Start of Block
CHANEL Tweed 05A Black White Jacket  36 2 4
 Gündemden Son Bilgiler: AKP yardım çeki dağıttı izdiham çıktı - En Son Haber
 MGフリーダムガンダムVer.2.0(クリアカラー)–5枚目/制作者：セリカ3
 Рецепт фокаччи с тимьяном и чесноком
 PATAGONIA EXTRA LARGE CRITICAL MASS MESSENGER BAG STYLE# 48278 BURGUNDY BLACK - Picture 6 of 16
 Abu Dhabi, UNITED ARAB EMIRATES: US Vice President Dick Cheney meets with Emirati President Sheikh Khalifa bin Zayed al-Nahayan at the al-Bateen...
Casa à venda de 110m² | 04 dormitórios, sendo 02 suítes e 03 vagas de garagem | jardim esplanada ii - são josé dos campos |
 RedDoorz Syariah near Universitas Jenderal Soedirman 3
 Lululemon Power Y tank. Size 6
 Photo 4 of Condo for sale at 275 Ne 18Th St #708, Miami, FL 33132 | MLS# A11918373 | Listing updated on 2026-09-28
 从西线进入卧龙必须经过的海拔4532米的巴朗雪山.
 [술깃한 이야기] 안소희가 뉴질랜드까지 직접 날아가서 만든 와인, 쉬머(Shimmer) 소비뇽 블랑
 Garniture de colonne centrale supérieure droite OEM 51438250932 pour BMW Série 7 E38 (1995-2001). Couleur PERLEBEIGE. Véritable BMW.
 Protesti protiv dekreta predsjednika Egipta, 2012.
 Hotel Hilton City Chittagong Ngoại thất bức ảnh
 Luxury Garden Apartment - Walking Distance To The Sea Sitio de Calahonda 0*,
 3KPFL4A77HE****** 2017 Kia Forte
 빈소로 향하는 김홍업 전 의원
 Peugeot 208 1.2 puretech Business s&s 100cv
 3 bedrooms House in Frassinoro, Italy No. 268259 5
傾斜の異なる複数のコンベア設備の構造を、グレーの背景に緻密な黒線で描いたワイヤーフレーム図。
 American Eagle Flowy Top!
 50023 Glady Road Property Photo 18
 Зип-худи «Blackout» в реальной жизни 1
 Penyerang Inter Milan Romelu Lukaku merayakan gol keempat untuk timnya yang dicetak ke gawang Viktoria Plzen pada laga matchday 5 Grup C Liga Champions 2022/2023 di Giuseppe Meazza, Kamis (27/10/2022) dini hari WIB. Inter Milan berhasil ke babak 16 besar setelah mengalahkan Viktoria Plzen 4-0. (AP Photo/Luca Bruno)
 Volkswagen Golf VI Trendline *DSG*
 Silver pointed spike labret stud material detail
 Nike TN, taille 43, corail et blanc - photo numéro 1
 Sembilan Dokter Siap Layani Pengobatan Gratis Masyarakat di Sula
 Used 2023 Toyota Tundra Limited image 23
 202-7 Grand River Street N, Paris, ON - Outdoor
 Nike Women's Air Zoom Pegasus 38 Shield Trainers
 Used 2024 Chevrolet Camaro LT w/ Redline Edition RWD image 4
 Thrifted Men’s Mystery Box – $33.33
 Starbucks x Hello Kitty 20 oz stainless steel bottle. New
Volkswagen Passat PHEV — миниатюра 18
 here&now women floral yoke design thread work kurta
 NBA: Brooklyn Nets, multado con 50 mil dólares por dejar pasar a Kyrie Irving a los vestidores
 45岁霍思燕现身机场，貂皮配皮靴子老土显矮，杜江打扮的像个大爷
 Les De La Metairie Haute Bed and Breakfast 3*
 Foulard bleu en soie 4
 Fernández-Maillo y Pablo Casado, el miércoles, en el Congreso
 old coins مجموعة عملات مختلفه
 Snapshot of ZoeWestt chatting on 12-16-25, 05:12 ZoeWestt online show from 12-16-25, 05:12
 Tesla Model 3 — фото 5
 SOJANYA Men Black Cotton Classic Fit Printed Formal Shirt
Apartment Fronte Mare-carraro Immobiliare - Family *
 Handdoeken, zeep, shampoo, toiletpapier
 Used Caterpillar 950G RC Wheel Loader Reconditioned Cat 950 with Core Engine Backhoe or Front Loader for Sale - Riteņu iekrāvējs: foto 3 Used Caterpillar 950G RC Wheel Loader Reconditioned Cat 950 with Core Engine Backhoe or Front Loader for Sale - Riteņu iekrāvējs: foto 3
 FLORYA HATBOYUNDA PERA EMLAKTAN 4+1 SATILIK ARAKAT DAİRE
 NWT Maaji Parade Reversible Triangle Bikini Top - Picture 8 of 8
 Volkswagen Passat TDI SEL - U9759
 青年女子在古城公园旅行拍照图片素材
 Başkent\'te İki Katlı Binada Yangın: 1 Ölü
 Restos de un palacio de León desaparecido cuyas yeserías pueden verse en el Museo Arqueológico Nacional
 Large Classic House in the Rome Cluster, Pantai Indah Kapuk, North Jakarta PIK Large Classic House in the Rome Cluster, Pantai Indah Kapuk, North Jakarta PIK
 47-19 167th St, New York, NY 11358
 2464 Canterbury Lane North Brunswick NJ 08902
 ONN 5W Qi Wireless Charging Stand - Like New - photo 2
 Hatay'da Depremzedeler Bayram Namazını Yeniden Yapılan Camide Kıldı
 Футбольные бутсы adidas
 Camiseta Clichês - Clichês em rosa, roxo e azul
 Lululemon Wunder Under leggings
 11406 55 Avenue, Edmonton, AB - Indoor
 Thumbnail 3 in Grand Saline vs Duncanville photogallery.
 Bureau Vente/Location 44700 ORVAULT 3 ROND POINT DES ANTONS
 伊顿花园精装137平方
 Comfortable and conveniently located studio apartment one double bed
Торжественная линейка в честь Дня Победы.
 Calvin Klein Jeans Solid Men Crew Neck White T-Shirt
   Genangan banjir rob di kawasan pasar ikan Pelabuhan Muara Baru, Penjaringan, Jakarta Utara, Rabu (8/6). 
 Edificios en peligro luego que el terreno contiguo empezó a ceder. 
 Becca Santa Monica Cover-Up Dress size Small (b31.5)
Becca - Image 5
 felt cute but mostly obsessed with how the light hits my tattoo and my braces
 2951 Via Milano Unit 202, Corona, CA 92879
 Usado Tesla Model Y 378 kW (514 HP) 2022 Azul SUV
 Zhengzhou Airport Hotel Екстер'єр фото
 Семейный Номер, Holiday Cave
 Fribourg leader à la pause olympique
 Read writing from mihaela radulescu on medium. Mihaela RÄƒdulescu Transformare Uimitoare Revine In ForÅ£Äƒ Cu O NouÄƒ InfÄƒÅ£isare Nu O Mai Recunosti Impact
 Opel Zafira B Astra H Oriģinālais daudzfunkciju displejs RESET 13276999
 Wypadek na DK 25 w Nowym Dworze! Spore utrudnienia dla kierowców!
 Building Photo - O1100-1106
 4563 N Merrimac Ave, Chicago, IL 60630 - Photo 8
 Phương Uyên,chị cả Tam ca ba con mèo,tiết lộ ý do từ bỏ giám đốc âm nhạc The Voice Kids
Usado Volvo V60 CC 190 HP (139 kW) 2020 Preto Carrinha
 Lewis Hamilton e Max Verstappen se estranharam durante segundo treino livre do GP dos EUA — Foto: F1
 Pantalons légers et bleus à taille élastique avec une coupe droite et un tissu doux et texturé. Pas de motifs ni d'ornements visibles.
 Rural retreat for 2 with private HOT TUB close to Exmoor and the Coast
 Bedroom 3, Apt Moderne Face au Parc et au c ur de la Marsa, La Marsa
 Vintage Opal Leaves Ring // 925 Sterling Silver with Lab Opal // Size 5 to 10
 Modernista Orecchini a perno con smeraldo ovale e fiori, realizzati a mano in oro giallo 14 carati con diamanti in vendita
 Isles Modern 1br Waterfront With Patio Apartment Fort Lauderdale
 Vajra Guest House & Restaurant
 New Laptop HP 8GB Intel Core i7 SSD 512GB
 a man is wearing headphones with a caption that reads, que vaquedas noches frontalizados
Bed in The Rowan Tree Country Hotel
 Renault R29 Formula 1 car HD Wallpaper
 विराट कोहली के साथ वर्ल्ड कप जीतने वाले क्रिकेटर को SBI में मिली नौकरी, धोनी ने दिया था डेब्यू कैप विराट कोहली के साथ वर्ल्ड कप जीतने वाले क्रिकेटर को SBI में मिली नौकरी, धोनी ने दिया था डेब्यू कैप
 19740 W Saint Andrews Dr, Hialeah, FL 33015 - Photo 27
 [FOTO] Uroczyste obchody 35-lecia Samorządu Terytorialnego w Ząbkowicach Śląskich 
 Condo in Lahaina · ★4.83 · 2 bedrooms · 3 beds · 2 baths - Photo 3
End of Block
What needs to be done
Give the exact lines, and only those, from the line containing "SOJANYA Men Black" through the line containing "Becca Santa Monica" in the entries above.

Exercise response
 SOJANYA Men Black Cotton Classic Fit Printed Formal Shirt
Apartment Fronte Mare-carraro Immobiliare - Family *
 Handdoeken, zeep, shampoo, toiletpapier
 Used Caterpillar 950G RC Wheel Loader Reconditioned Cat 950 with Core Engine Backhoe or Front Loader for Sale - Riteņu iekrāvējs: foto 3 Used Caterpillar 950G RC Wheel Loader Reconditioned Cat 950 with Core Engine Backhoe or Front Loader for Sale - Riteņu iekrāvējs: foto 3
 FLORYA HATBOYUNDA PERA EMLAKTAN 4+1 SATILIK ARAKAT DAİRE
 NWT Maaji Parade Reversible Triangle Bikini Top - Picture 8 of 8
 Volkswagen Passat TDI SEL - U9759
 青年女子在古城公园旅行拍照图片素材
 Başkent\'te İki Katlı Binada Yangın: 1 Ölü
 Restos de un palacio de León desaparecido cuyas yeserías pueden verse en el Museo Arqueológico Nacional
 Large Classic House in the Rome Cluster, Pantai Indah Kapuk, North Jakarta PIK Large Classic House in the Rome Cluster, Pantai Indah Kapuk, North Jakarta PIK
 47-19 167th St, New York, NY 11358
 2464 Canterbury Lane North Brunswick NJ 08902
 ONN 5W Qi Wireless Charging Stand - Like New - photo 2
 Hatay'da Depremzedeler Bayram Namazını Yeniden Yapılan Camide Kıldı
 Футбольные бутсы adidas
 Camiseta Clichês - Clichês em rosa, roxo e azul
 Lululemon Wunder Under leggings
 11406 55 Avenue, Edmonton, AB - Indoor
 Thumbnail 3 in Grand Saline vs Duncanville photogallery.
 Bureau Vente/Location 44700 ORVAULT 3 ROND POINT DES ANTONS
 伊顿花园精装137平方
 Comfortable and conveniently located studio apartment one double bed
Торжественная линейка в честь Дня Победы.
 Calvin Klein Jeans Solid Men Crew Neck White T-Shirt
   Genangan banjir rob di kawasan pasar ikan Pelabuhan Muara Baru, Penjaringan, Jakarta Utara, Rabu (8/6). 
 Edificios en peligro luego que el terreno contiguo empezó a ceder. 
 Becca Santa Monica Cover-Up Dress size Small (b31.5)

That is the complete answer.